» **Task instructions**
Set down exactly the lines in the records below that run from the line with "Wunschkennzeichen im Landkreis Rosenheim" to the line with "vidaXL Banc à", inclusive, and nothing more.

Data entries
◆ ◆ ◆ ◆ ◆ ◆ ◆

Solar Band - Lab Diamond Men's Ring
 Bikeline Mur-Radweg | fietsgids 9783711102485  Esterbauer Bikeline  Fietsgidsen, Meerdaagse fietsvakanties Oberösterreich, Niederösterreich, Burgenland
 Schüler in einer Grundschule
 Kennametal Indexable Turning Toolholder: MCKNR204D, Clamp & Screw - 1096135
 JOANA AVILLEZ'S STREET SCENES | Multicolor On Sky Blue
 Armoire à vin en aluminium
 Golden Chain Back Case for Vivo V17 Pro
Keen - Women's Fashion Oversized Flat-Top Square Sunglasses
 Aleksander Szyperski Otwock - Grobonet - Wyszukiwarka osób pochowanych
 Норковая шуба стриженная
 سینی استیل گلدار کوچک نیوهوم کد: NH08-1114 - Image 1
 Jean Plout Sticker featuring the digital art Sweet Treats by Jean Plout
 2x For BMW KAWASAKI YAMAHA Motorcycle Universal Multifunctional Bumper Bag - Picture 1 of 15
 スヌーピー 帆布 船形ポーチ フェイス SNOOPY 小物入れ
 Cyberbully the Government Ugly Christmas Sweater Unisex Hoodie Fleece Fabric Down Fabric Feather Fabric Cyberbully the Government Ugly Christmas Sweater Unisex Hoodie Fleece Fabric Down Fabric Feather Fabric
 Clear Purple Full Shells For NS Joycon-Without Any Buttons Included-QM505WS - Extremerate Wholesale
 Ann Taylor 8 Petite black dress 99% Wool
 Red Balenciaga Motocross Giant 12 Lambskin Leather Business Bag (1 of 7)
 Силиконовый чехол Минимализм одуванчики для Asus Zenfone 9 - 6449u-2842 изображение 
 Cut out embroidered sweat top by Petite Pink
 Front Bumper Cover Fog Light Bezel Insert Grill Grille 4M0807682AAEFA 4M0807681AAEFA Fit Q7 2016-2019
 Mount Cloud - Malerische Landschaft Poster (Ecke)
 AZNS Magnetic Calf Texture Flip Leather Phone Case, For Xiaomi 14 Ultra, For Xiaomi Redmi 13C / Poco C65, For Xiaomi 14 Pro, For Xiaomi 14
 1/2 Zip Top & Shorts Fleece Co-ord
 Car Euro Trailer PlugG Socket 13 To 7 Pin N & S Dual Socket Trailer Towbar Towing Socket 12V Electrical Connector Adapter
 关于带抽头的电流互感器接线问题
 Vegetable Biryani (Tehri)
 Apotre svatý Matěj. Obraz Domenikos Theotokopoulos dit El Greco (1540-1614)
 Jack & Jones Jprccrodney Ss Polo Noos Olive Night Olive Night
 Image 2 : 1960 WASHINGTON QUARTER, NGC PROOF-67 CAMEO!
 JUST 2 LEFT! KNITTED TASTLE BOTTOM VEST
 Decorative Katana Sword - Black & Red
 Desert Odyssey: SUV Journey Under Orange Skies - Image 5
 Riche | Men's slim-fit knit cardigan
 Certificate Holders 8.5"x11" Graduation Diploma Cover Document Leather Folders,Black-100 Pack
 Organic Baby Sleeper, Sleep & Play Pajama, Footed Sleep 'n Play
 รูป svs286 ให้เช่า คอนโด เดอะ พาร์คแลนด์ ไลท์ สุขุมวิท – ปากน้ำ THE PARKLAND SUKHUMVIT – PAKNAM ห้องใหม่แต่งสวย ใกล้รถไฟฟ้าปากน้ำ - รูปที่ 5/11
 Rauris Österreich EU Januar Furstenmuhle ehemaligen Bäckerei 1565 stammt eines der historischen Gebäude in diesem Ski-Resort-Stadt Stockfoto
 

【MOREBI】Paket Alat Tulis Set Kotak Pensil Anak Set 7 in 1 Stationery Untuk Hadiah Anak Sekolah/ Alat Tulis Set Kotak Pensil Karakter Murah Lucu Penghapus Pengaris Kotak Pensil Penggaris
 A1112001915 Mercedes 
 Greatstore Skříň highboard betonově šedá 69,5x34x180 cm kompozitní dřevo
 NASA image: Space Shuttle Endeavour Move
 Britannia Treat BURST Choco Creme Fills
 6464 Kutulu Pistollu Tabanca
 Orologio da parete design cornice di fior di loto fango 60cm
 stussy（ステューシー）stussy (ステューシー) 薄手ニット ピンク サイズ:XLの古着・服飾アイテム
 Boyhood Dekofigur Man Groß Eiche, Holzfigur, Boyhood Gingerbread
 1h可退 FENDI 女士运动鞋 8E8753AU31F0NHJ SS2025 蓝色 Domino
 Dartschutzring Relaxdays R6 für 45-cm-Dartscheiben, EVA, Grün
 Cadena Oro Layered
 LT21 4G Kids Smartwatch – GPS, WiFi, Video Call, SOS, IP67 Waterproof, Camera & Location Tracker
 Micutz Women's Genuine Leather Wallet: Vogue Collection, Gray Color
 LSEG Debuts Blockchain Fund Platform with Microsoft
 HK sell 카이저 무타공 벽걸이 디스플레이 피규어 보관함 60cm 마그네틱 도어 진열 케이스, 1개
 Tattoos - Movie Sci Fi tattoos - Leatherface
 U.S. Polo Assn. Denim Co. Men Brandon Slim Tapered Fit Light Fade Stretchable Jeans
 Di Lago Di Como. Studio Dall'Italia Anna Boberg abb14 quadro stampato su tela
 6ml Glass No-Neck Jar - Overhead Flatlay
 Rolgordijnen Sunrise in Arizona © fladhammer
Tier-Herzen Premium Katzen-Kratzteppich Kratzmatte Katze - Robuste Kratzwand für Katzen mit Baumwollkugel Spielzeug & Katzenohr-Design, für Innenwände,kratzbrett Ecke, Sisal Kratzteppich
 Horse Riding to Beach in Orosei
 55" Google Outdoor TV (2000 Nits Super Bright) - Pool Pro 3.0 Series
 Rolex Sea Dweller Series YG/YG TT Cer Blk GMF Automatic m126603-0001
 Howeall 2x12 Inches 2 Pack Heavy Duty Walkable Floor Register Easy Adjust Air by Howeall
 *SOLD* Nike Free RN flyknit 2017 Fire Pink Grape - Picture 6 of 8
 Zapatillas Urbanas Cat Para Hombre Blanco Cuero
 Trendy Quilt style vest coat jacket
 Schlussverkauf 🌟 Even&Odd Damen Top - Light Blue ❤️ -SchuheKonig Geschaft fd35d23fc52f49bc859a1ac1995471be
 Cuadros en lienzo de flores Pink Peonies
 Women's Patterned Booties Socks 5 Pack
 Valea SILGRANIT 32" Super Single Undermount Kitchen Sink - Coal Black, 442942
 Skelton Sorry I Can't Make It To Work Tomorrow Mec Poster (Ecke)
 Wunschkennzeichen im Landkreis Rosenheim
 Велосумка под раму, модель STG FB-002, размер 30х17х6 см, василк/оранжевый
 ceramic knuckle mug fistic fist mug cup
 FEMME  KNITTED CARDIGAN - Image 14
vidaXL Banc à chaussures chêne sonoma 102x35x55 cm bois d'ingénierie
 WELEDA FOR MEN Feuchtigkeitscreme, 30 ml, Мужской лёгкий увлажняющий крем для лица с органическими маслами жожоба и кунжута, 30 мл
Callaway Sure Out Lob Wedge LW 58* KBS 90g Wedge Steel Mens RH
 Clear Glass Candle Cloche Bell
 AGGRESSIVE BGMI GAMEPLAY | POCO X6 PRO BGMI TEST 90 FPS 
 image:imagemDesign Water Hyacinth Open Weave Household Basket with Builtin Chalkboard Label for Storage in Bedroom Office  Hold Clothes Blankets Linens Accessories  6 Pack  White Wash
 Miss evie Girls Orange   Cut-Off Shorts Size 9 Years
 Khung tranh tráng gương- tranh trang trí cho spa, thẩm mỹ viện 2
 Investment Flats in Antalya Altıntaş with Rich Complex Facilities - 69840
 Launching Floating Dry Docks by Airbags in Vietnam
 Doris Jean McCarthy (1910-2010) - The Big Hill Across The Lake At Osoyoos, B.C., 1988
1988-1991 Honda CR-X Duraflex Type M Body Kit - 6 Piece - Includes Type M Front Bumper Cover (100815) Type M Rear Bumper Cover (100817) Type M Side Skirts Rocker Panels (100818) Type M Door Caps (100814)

◆ ◆ ◆ ◆ ◆ ◆ ◆

» **Solution for this problem**
 Wunschkennzeichen im Landkreis Rosenheim
 Велосумка под раму, модель STG FB-002, размер 30х17х6 см, василк/оранжевый
 ceramic knuckle mug fistic fist mug cup
 FEMME  KNITTED CARDIGAN - Image 14
vidaXL Banc à chaussures chêne sonoma 102x35x55 cm bois d'ingénierie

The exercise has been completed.